Chapter 33

Revenge knew who was driving the BMW and who was going along for the ride.

Jace Winter, Bam Cox, and Little T Jackson were small-time drug dealers with long sheets for heavy crimes. They forced children into theft and females into prostitution; they broke down families; they caused destruction and desperation; and they sent young kids toward certain death.

They were, in a word, scum.

Revenge took a Boost phone from his glove compartment. He’d confiscated it during a bust and it couldn’t be traced to him. He dialed 911 as he drove up Sunnydale, the BMW’s taillights in view right up ahead.

The 911 operator asked him what his emergency was, and he put on a ghetto accent stained with panic.

“They’s a shooting going down right now. Oh God. They’s shooting at cops. They shot a cop!”

He gave an address three miles south of his current location, then clicked off and tossed the phone out the car window.

Revenge followed the BMW east on Sunnydale, and as the gangsters sped up, he followed them through the thick of the ghetto and out the other side to where the housing was single-family homes, flat fronts with garages and driveways on the street level.
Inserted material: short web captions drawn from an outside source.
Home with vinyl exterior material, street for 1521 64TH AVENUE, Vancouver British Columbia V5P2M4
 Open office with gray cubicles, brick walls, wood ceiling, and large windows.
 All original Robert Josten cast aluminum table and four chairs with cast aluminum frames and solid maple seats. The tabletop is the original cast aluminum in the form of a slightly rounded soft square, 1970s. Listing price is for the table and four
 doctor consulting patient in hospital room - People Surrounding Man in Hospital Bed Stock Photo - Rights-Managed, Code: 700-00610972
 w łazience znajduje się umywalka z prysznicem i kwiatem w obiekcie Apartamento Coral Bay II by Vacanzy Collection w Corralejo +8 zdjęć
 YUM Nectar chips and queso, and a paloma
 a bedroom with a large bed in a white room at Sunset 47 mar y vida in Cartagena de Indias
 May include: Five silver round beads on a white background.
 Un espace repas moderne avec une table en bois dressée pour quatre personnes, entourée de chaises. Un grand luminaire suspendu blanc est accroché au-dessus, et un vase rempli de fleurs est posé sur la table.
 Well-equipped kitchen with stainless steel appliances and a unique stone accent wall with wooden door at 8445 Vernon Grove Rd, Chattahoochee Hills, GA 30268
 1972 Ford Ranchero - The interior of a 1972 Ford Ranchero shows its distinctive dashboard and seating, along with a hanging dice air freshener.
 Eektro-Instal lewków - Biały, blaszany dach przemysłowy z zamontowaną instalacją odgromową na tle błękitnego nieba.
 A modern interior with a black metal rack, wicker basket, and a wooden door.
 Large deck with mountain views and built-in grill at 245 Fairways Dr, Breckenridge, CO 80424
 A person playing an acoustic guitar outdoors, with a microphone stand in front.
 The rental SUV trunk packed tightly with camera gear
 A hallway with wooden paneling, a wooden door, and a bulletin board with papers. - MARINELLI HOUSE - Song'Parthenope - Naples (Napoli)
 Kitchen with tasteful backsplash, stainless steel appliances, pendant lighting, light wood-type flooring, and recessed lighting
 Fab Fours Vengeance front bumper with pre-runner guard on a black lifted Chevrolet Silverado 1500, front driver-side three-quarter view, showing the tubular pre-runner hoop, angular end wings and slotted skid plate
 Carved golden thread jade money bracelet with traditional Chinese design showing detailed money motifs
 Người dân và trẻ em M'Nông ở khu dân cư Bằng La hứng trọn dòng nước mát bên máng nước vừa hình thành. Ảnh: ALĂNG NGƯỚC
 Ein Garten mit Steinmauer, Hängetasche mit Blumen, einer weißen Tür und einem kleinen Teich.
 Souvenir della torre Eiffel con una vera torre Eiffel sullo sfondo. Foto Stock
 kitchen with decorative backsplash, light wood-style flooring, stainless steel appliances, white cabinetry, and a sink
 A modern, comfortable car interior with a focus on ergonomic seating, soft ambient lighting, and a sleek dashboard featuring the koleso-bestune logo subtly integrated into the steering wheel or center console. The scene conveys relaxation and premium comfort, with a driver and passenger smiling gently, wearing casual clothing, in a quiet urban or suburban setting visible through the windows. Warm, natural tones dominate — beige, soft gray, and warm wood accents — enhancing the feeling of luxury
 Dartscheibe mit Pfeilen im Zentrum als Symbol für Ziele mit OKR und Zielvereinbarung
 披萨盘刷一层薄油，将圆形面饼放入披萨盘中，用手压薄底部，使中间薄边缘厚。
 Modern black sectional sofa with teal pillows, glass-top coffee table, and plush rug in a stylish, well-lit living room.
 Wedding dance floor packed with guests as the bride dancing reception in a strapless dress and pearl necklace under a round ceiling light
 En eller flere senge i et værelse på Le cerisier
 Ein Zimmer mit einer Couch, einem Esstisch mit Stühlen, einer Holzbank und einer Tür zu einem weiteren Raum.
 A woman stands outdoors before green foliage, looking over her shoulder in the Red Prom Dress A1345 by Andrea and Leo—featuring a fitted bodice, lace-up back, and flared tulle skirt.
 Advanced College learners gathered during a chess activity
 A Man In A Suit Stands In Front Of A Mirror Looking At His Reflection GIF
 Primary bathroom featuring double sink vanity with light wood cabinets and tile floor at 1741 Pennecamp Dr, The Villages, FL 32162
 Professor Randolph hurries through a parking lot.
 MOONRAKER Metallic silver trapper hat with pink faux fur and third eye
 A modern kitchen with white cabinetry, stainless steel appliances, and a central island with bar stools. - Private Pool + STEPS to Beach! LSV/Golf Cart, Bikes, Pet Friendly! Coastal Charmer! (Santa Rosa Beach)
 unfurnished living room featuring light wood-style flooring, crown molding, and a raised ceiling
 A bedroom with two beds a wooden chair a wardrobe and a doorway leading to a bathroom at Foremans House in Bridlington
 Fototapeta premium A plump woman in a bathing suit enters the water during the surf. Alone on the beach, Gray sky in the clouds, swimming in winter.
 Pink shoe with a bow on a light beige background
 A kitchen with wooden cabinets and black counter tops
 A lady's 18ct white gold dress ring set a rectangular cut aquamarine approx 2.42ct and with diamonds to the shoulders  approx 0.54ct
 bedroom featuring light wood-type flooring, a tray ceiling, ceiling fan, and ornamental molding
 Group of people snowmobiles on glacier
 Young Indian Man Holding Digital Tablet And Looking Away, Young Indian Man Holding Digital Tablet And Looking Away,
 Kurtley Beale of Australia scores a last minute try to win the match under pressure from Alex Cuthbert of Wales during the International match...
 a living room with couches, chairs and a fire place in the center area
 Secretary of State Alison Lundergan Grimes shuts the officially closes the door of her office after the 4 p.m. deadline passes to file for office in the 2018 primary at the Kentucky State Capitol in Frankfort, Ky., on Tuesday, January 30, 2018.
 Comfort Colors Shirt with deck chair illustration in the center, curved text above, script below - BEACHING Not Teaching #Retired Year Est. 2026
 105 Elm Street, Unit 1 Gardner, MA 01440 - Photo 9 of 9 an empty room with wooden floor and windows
The BMW took a right onto Sawyer and when it hit Velasco Avenue, Revenge put on his siren and his grille lights. Stuff started flying out of the windows of the BMW. Small glassine packets, a couple of guns.

He spoke into the bullhorn. “Pull over. Pull the car over. Now.”

The BMW did slow, went from sixty to forty down Velasco, took a right onto Schwerin, and stopped next to an abandoned lot fenced with broken chain link and filled with garbage.

Revenge braked behind the BMW.

He left the engine running as he screwed the suppressor onto the muzzle, grabbed his flashlight, and got out of his car. He approached the driver’s-side window of the BMW, shone his light in the driver’s face.

The smell of weed coming from the BMW was so strong, one good inhale could produce a profound contact high.

The driver, Jace Winter, said, “Wus up, Officer?” He was smirking. Laughing with his homeys. Unafraid. Stoned out of his mind.

“Cox. Jackson. Put your hands on the ceiling,” Revenge said.

“Man, how’m I going to show you license and registration with my damned hands — ”

“Winter, keep your right hand on the wheel and open your jacket.”

“Yo, what was I going? Twenty-eight in a twenty-five zone?”

“Good night, you piece of crap.”

Revenge pointed the gun into the interior of the car. He shot Winter first, two shots in the chest, another round in the neck. Jackson and Cox went crazy trying to get out of the car, and then the last man they would see in this world sent several shots into various parts of their upper bodies until no one moved.

Revenge stripped off his jacket, balled it up with the gun, and dumped the bundle into Winter’s lap.

A car went by fast, didn’t stop, didn’t even slow. Revenge went back to his vehicle, took out the plastic liter bottle filled with gasoline, and returned to the BMW. He poured gas inside the car, front and back, made a good job of dousing the dead men.

Then he lit a match and tossed it inside the drug-mobile.

There was a loud puff as the flame caught, then the car started to burn, and within a few seconds, the whole of it was engulfed in fire.

Keeping his head down, Revenge returned to his SUV. He watched the BMW explode as he backed out, then he made a U-turn and drove through the projects again.

He felt cleansed and almost high.

Like he was younger, and lighter, the very best version of himself, and since he would never get credit, he thought it was okay to give himself a pat on the back for a very clean shooting. Three heinous sewer rats were dead.

In twenty minutes, Revenge would be sitting in front of the TV watching the game, but he’d be thinking of Jace Winter’s smug face and then his expression when he realized he was going to die.

Revenge listened to the police band, learned that cops were still investigating a report of a cop down but hadn’t yet determined who had been shot or where. He turned off the police band, found a rock station on the radio. He was whistling as he drove home.